Yazarlar : Arnold DM, Heddle NM, Carruthers J, Cook DJ, Crowther MA, Meyer RM, Liu Y, Cook RJ, McLeod A, Maceachern JA, Mangel J, Anderson D, Vickars L, Tinmouth A, Schuh AC, Kelton JG.

Yayın : Blood.

Yayın Yılı : 2012

Pubmed Linki : http://www.ncbi.nlm.nih.gov/pubmed/22223819

Konu : Diğer

Literatür İçeriği :  

Abstract

The benefit of adding rituximab to standard treatment in non-splenectomized patients with primary immune thrombocytopenia (ITP) is uncertain.
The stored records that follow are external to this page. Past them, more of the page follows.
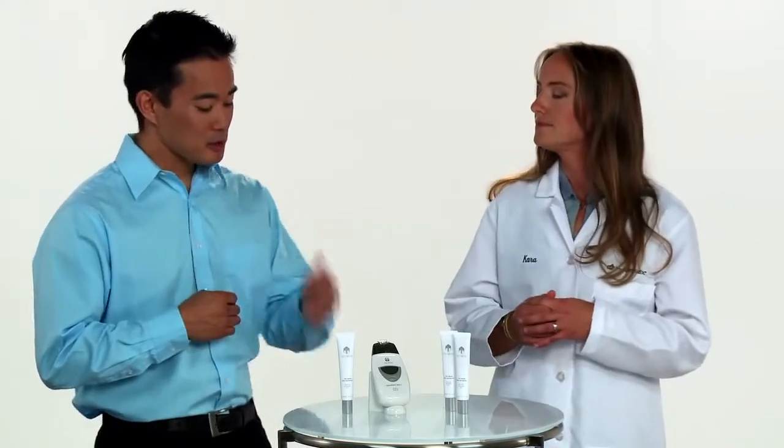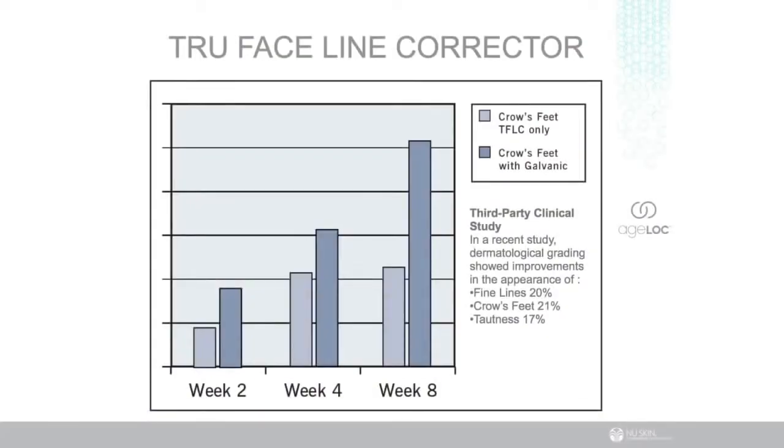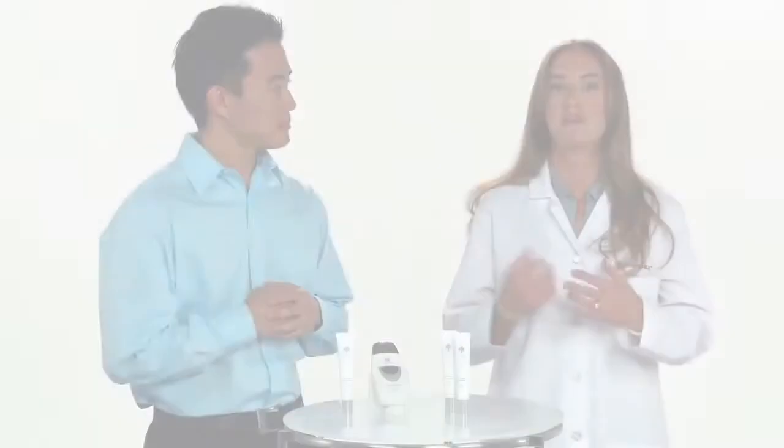And Casey, how can using the True Face Line Corrector with the Agelot Galvanic Spa maximize results for younger-looking skin? Well, an eight-week clinical study performed using True Face Line Corrector with the Agelot Galvanic Spa showed improvements in skin radiance and moisturization in 92.5% of participants. It also improved the appearance of lines by 20% and crow's feet by 21% more than using True Face Line Corrector alone.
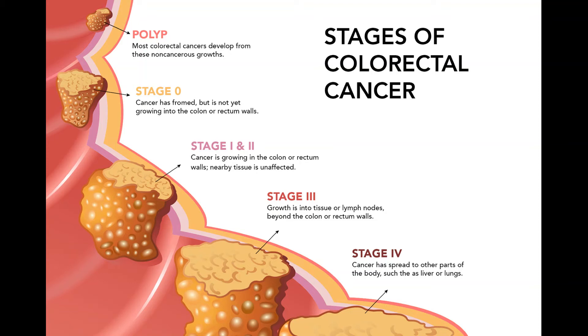Treatment of colon cancer by stage. Treatment for colon cancer is based largely on the stage and extent of the cancer, but other factors can also be important. People with colon cancers that have not spread to distant sites usually have surgery as the main or first treatment. Chemotherapy may also be used after surgery, called adjuvant treatment. Most adjuvant treatment is given for about 6 months.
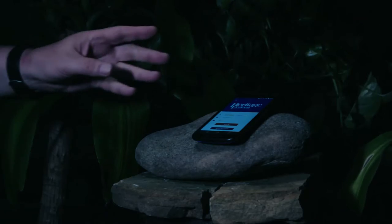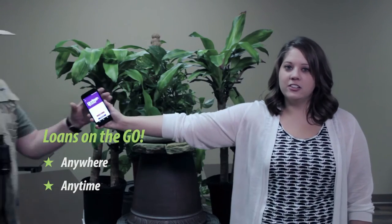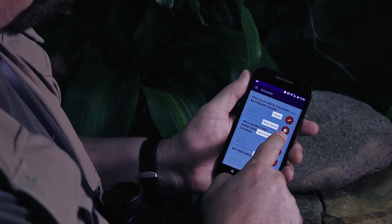The answer may be right in front of you with the Heritage Federal app. You can apply anywhere through Loans on the Go, whether you're in the jungle or the convenience of your own home. Just use the Loans on the Go feature in the HFCU app, or come into one of our branches and work with our friendly staff.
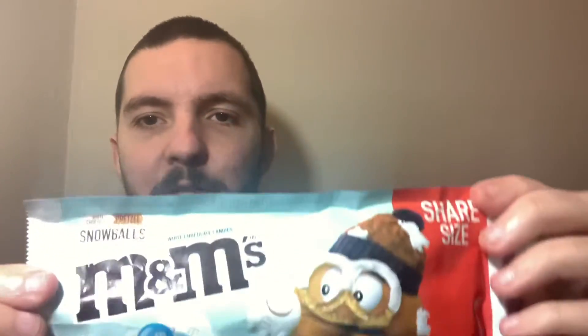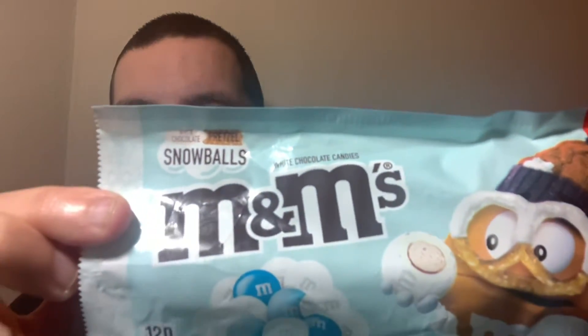Hey, what's going on guys? My name's Nathan and I'm back to Snack Saloon. Now today, moving into some of the more Christmas themed items, I have Snowball M&M's. These just say White Chocolate Pretzels Snowballs. Obviously this is a share size, 120 calories per serving.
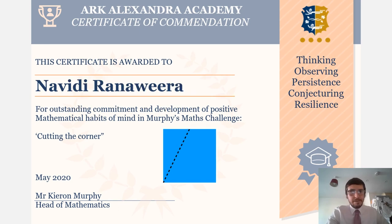Finally, we have Navidi Van Avera, who also wrote down some fantastic facts about the 2D shapes she had made. All in all, some really, really good work — well done again.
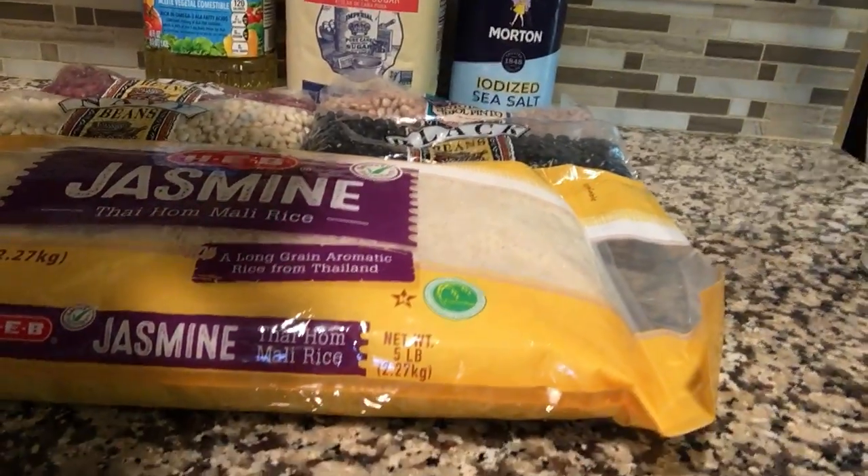Let me show you how to augment this. If you have a garden, you can grow food and use your stock to supplement it.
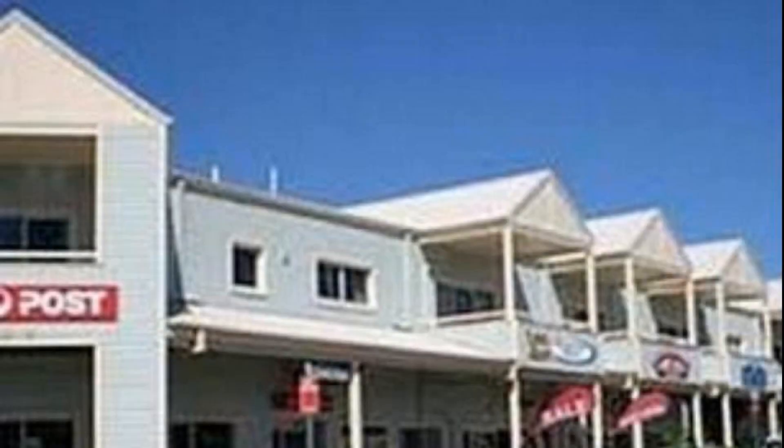Hello friends, welcome to the channel. We are watching a 4-star property. In this property, one type of room is available on Agoda.com.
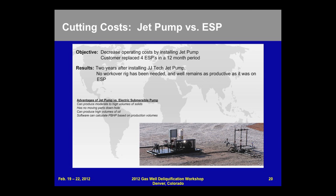When we first created this slide and brought it to you some time back, we had been on that well for seven months without an additional workover. As of February 2012, there has not been another workover done on this well, and the jet pump has allowed the well to remain as productive as it was with the ESP.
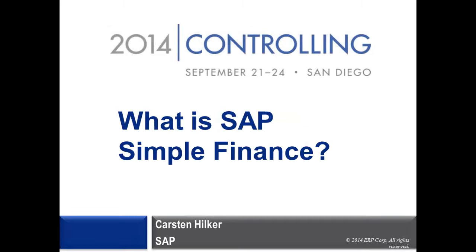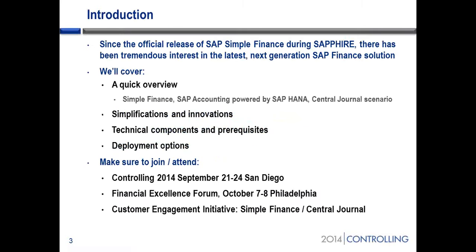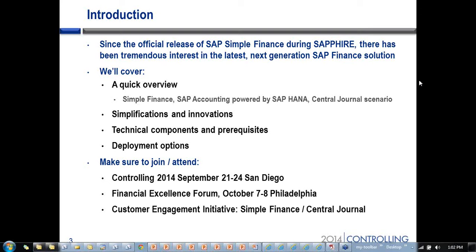All right, let's get started. We're going to talk today about our latest, next generation SAP finance solution. There were big announcements, large announcements during Sapphire when the product was first introduced.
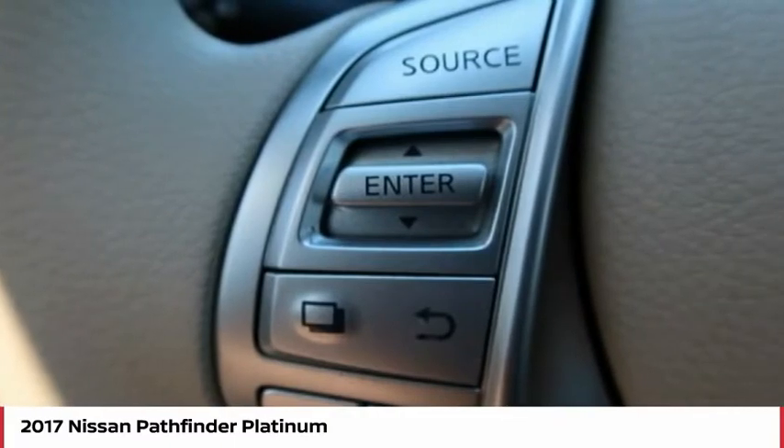A vehicle like this doesn't come along every day. Come in and get it before someone else does.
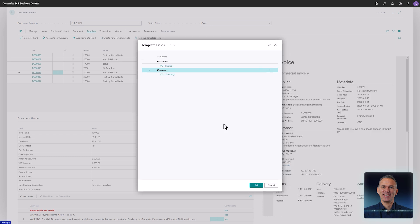If you select No, you will see the full list of all available template fields. To include the fields in the template, simply mark the field names and select OK.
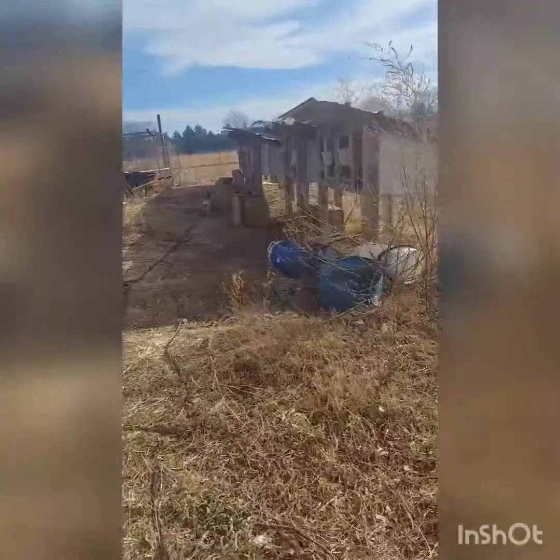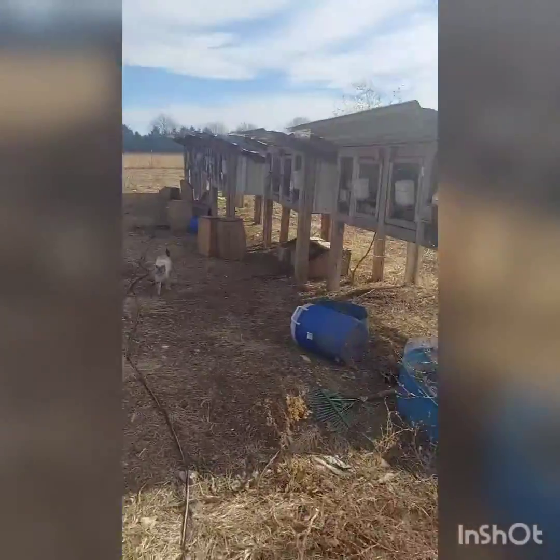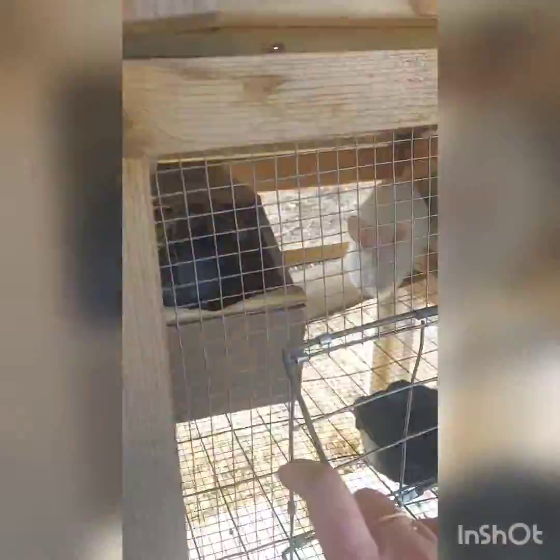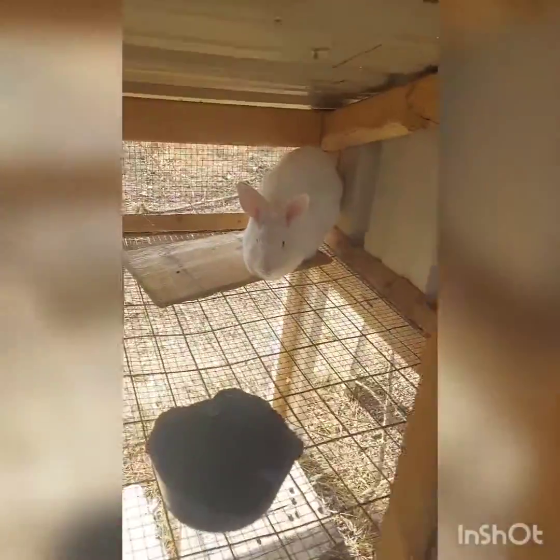Today, one of our new rabbits that we just got the other day had nine babies. This is our new rabbit. We pulled them out and counted them earlier, but it's kind of cold so I'm not going to pull them out again. We got nine little babies crawling around in the rabbit area. Mama's back there worrying.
We performed a pilot randomized trial to determine the feasibility of recruitment, protocol adherence and blinding of a larger trial of rituximab versus placebo; and to evaluate the potential efficacy of adjuvant rituximab in ITP. Non-splenectomized adults with newly-diagnosed or relapsed ITP who were receiving standard ITP therapy for a platelet count below 30 x10(9)/L were randomly allocated to receive four weekly infusions of 375 mg/m(2) rituximab or saline placebo. Sixty patients were recruited over 46 months, which was slower than anticipated. Protocol adherence and follow-up targets were achieved and blinding was successful for research staff but not for patients. After 6 months, there was no difference between rituximab and placebo groups for the composite outcome of any platelet count below 50 x10(9)/L, significant bleeding or rescue treatment once standardtreatment was stopped [21/32 (65.6%) vs. 21/26 (80.8%); relative risk=0.81, 95% confidence intervals 0.59, 1.11]. Timely accrual poses a challenge to the conduct of a large randomized trial of rituximab for pre-splenectomy ITP. No difference in the frequency of the composite outcome was observed in this pilot trial (registered at www.clinicaltrials.gov NCT00372892)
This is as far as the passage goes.